Vulnérabilité des parents seuls : le soutien des politiques sociales fait la différence
Dans sa thèse intitulée «Social policy shaping the life-course: A study on lone parents' vulnerability», la Dr. Ornella Larenza démontre que l'accès aux politiques sociales est primordial pour que les parents seuls ne se retrouvent pas en situation de vulnérabilité.
Les parents seuls, lone parents en anglais, souffrent souvent d'une détérioration de leurs conditions de santé et financière. En marge de cette réalité, la Dr. Ornella Larenza a consacré sa thèse, défendue avec succès le 3 mai 2019, à l'étude de la diversité croissante des parents seuls. Elle a par ailleurs investigué comment les politiques sociales peuvent contribuer au développement de leur vulnérabilité au fil du parcours de vie.

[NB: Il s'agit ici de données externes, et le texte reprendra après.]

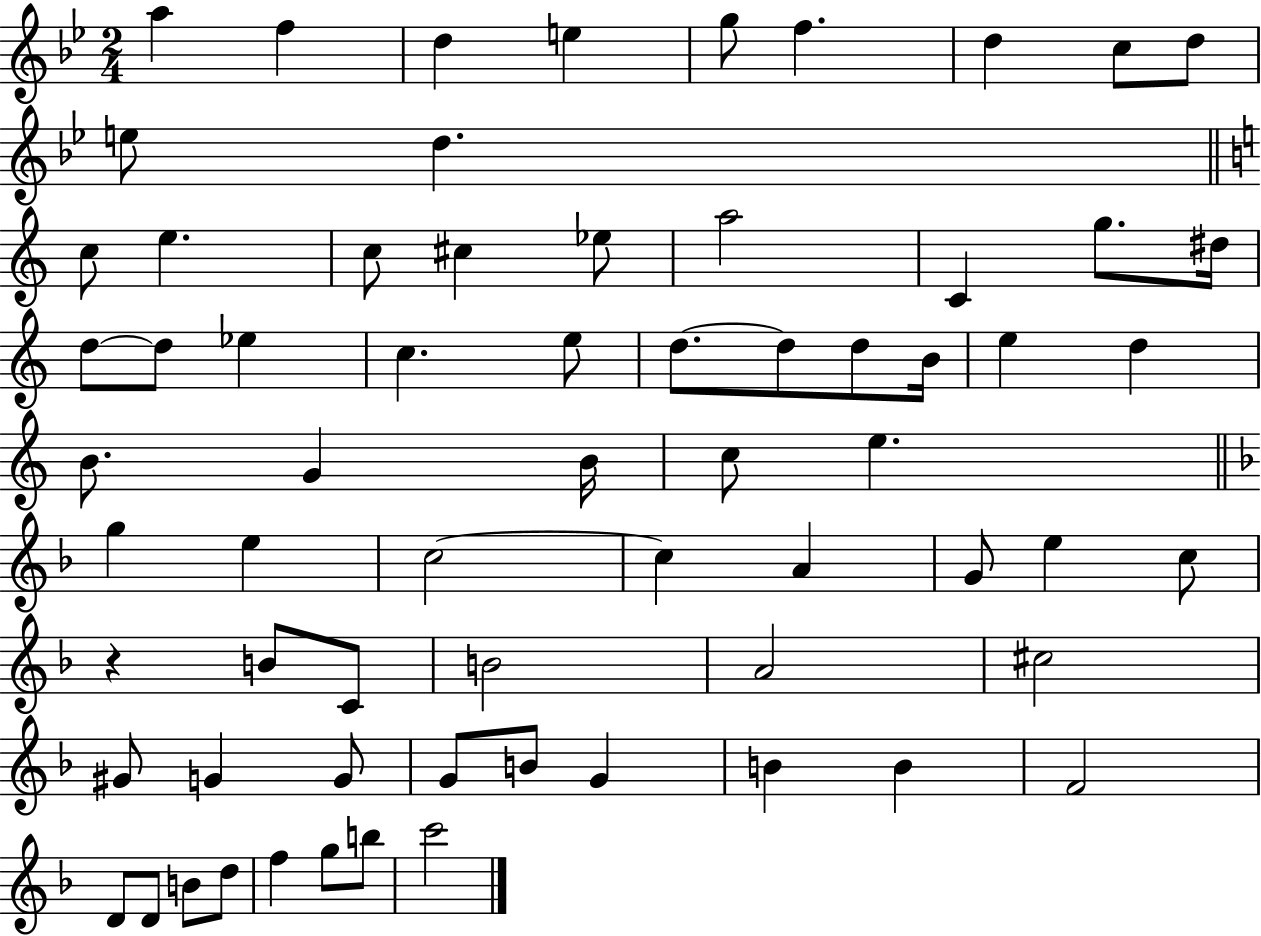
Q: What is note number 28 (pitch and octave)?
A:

Pensions alimentaires non versées - incidences sur d'autres domaines de la vie
La Dr. Larenza a focalisé ses recherches sur deux politiques sociales spécifiques: le versement des pensions alimentaires et le recours aux prestations d'aide sociale.
Dans le premier cas, elle a montré que le cadre juridique en matière d'exécution des obligations alimentaires n’offre qu’une aide limitée pour les mères confrontées à des violations des obligations alimentaires envers leurs enfants. Par ailleurs, toutes les mères ne réagissent pas à ces violations, car elles se retrouvent face à des dilemmes moraux impliquant l'autre parent et sa relation avec les enfants. Enfin, certaines mères s’adaptent aux violations totales en modifiant leur trajectoire professionnelle, ce qui a des répercussions sur d'autres domaines de leur vie. Par exemple, quelques mères augmentent leur taux de travail, mais cela les oblige à soustraire du temps à leurs enfants et à renoncer à une relation épanouie avec eux.
Dans le deuxième cas, la chercheuse a illustré comment les parents seuls réagissent aux problèmes d’accès aux prestations d'aide sociale (par exemple, par la recherche de soutien financier alternatif auprès de leur réseau, par la lutte contre les administrations qui empêcheraient l’accès aux prestations, ou par l’adaptation de leur parcours de vie aux conditions d’accès) et comment cela peut non seulement affecter leur situation économique, mais également entraîner un ensemble plus complexe de changements dans plusieurs domaines de leur vie y compris des répercussions sur leur vie de couple et leur vie de parents.
Une combinaison de méthodes d'analyse pour une vision globale du parcours de vie
Au nom du jury*, la Prof. Eva Green, vice-doyenne de l'Université de Lausanne a par ailleurs fait ses félicitations à Mme Larenza pour "l'approche innovante qui croise différents domaines des politiques sociales et pour la rigueur de l'analyse longitudinale qualitative".
En effet, la Dr. Larenza a réalisé une étude de cas en combinant des analyses qualitatives transversales (synchroniques) et longitudinales (diachroniques). Par ce biais, elle a montré que la vulnérabilité des parents seuls est un processus dont le développement dépend à la fois des ingrédients qui le composent (facteurs de stress et ressources à disposition de l’individu) et à la fois de leur agencement au fil du temps. Il ne s’agit donc pas juste de considérer des conséquences négatives, mais plutôt de prendre en compte une dynamique plus complexe entre facteurs de stress et ressources.
Les politiques sociales peuvent contribuer au processus de vulnérabilité en tant qu’ingrédients qui participent à des constellations de problèmes complexes. Notamment, elles peuvent jouer le rôle de facteurs de stress en situation d’absence de support, d'accès problématique aux supports et de soutien inadéquat. Finalement, elles peuvent façonner le processus de vulnérabilité des parents seuls et générer des répercussions, dans plusieurs domaines de leur vie et au fil du temps.
Enfin, l’étude montre que l'agentivité (capacité de réagir) des parents seuls qui font face à la vulnérabilité reflète la configuration des ingrédients du processus et peut être orientée de manière significative par leurs relations avec les personnes importantes, comme par exemple les enfants, l’ex-partenaire et la famille d’origine. Cette capacité de réaction dépend notamment de la possibilité d’accéder à des ressources et de les mobiliser pour résister aux facteurs de stress.
* Membres du jury: Prof. Eva Green, Vice-doyenne (Présidente); Prof. Laura Bernardi, ISS (Directrice de thèse); Mme Claire Bidart, Directrice de recherche au CNRS, Université d’Aix-Marseille; Prof. Giuliano Bonoli, IDHEAP; Prof. Jane Millar, Université de Bath.